Evidence model
Build a receipt for explanation, not decoration
Receipts for agentic payments must connect adaptive decision-making to a deterministic financial outcome. The principal needs to recognize the seller, items or resource, total, currency, payment status, fulfillment, and recourse. Operators need the agent, mandate, policy version, credential reference, request digest, rail identifiers, and verification history. Finance needs settlement and reconciliation references. Security needs the identity and signature trail. A single audience should not force every other audience to work from an incomplete record.
The receipt should distinguish evidence from interpretation. A merchant order response can establish what the seller recorded. A processor or facilitator status can establish its reported rail state. A cryptographic signature can establish integrity and key possession under defined assumptions. The agent's narrative can summarize why it chose an option, but it cannot independently prove authorization or fulfillment. Label evidence by issuer and verification method so later reviewers know which claims are authoritative.
A transaction hash proves neither user intent nor merchant fulfillment. It is one evidence reference in a larger commercial record.

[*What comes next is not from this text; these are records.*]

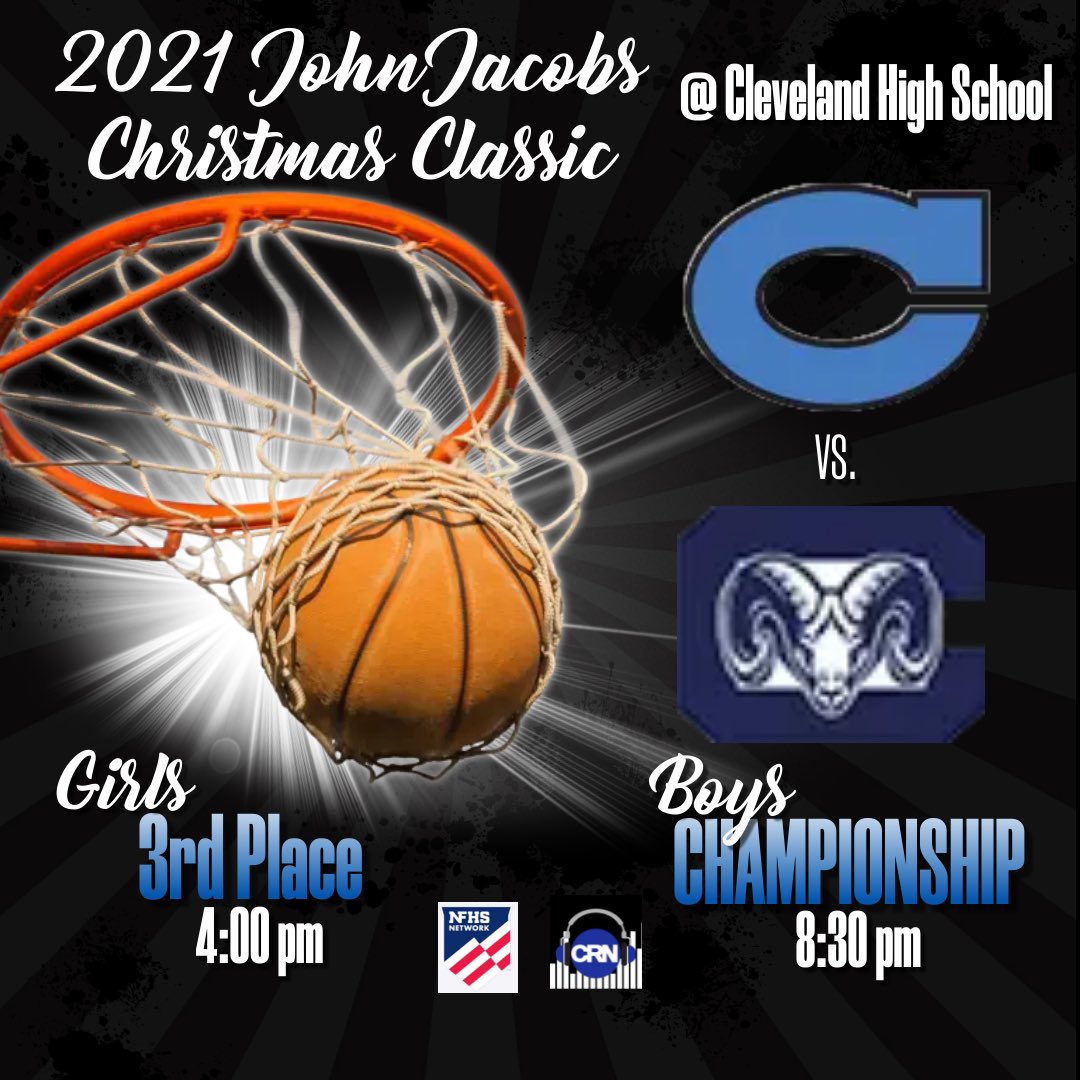 🏀 𝗚𝗔𝗠𝗘 𝗗𝗔𝗬! 🏀 @Clayton_Comets vs. CLEVELAND! @LadyComets19 3rd Place @ 4:00 @Clayton_BBall Championship @ 8:30 📍 @ Cleveland High School 🎟TicketSpicket 🎙 WeAreCRN.com 📺 NFHSNetwork.com @ClaytonCometsAD @TheCometCrew 🔵 #CometsALLin ⚪️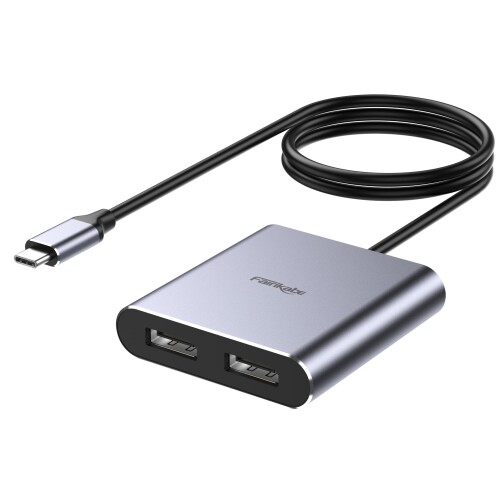 USB C to デュアル DisplayPort MST ハブ スプリッター デュアルモニター 4K@60Hz対応 USB Type-C to 2×DisplayPort 1.2 変換アダプター Windows ノートPC対応 Thunderbolt3対応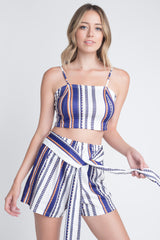 Unique Stripe Printed 2pc Set with Tie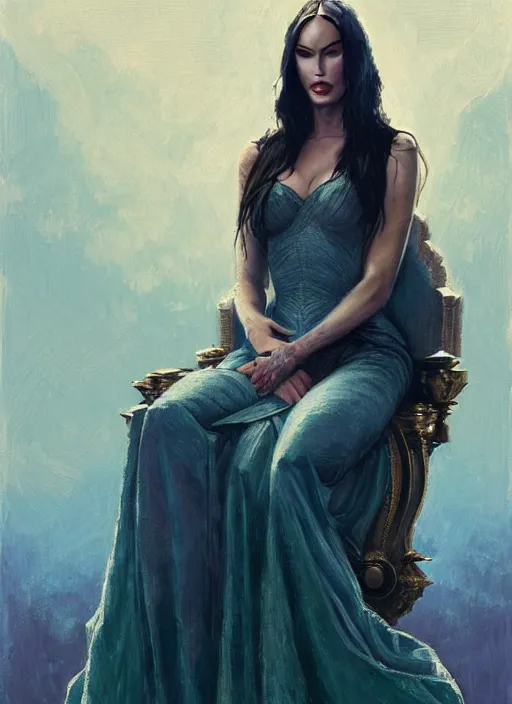 Image similar to megan fox dressed like a queen on a throne, calm, fantasy character portrait, dynamic pose, above view, artwork by jeremy lipkin and giuseppe dangelico pino very coherent asymmetrical artwork, sharp edges, perfect face, simple form, 1 0 0 mm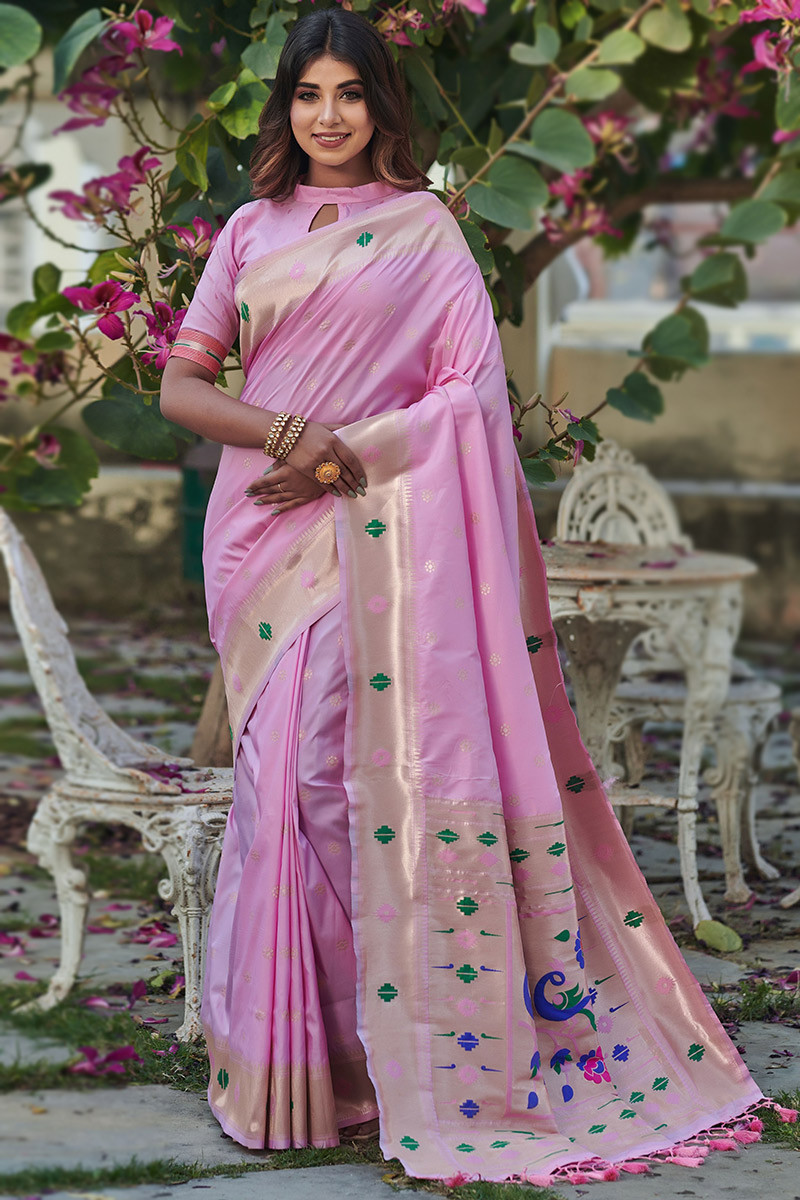 Party Wear Look LAVENDER color soft banarasi silk saree collection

Join the minimum complete evidence set
A receipt record should have its own stable identifier and references to the principal, agent, intent, mandate, order, policy decision, credential, payment, fulfillment, and recourse case. Record values with explicit units: amount, currency or asset, network, fees, quantity, and timestamps with time zone. Store both current status and the append-only events that produced it. A mutable summary makes the interface convenient; the event history makes the conclusion reproducible.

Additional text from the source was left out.